Il compte jeter toutes ses forces dans la bataille. Avant les élections législatives et présidentielles de dimanche en Turquie, Recep Tayyip Erdogan, candidat à sa succession, va tenir une série de sept meetings à travers Istanbul et sa banlieue, visant majoritairement des quartiers populaires acquis à sa cause. Il faut dire que l'enjeu est de taille pour le leader turc, l'issue du scrutin s'annonçant très incertaine.
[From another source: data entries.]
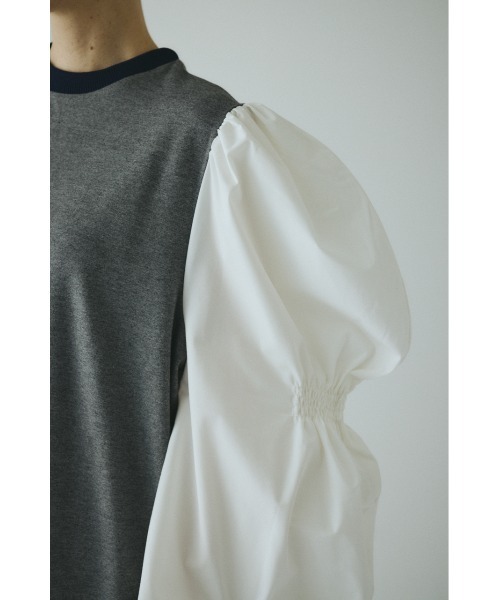 HeRIN.CYE(ヘリンドットサイ)の「Shirring balloon sleeves dress シャーリングバルーンスリーブドレス(ワンピース・レディース・イエロー系その他/ブラック/グレー系その他・FREE)」の7枚目の写真
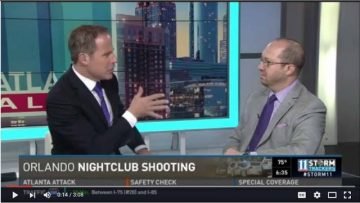 Lawrence Zimmerman Discusses the Orlando Nightclub Shooting on WXIA TV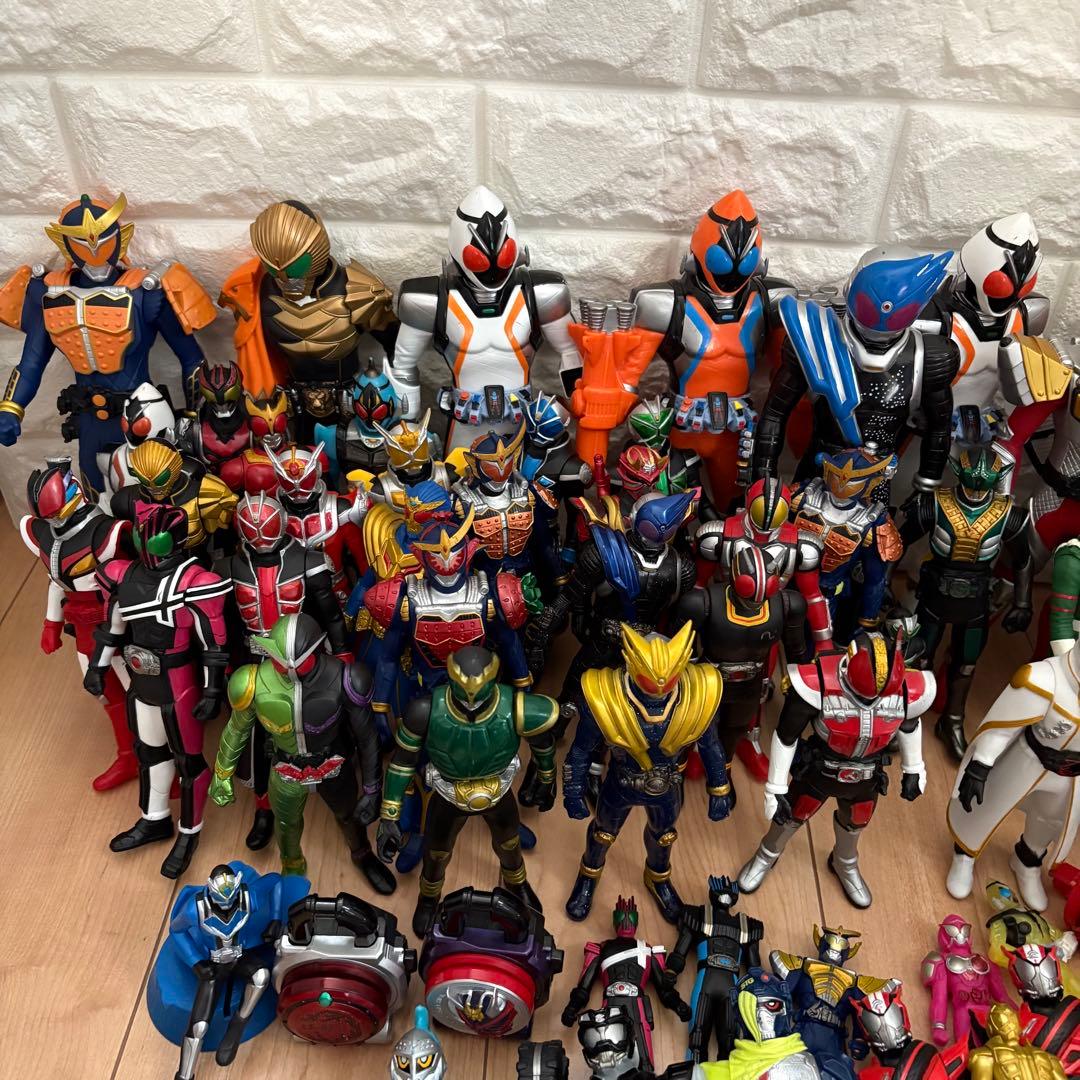 仮面ライダー ソフビ等 まとめ売り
Une foule peu nombreuse. Vendredi, en milieu de journée, le président-candidat s'apprêtait à prendre la parole au pied d'une grande mosquée des environs d'Istanbul. La foule, plutôt clairsemée, attend que la prière s'achève pour que le discours puisse commencer. Tout autour, le dispositif de sécurité impressionne, avec des tireurs postés sur les hauteurs, jusque sur les minarets.

Une système présidentiel. Parmi les militants, Serdar ne voit pas comment Receip Tayyip Erdogan pourrait perdre cette élection après quinze ans passés au pouvoir, d'abord comme Premier ministre puis comme chef de l'Etat depuis 2014. "Il va rester au pouvoir, et ce sera même encore mieux avec la nouvelle Constitution et le système présidentiel", assure-t-il. "La nation turque n'est pas habituée à une cogestion du pays. Qu'on l'approuve ou pas, seule une personne dirigera le pays".

"C'est lui l'homme fort". Dans l'assistance, les femmes voilées sont séparées des hommes pour celles qui le souhaitent. Ce n'est pas le cas de Şule, mais elle aussi adhère au slogan de l'homme fort pour une grande Turquie. "Les gens doivent comprendre qu'il aime le pays. Il a repoussé les Kurdes en Syrie, il a contré le coup d'Etat en 2016, c'est lui l'homme fort !", martèle-t-elle. Pour ces fidèles de Recep Tayyip Erdogan, le pays va très bien et les difficultés économiques ne seraient qu'une invention de l'opposition.

 

Peut-il détrôner Recep Tayyip Erdogan ? Avec sa verve et sa pugnacité, Muharrem Ince est passé en quelques semaines du statut de trublion de l'opposition à celui de présidentiable capable de rivaliser avec l'homme fort du pays. Selon des analystes, Muharrem Ince pourrait affronter lors d'un deuxième tour le 8 juillet Erdogan dans sa course à la magistrature suprême. Député du Parti républicain du peuple (CHP, social-démocrate) depuis 16 ans, Muharrem Ince, âgé de 54 ans, est la révélation de cette campagne pendant laquelle il est parvenu à galvaniser une opposition lassée par les victoires électorales successives de Erdogan.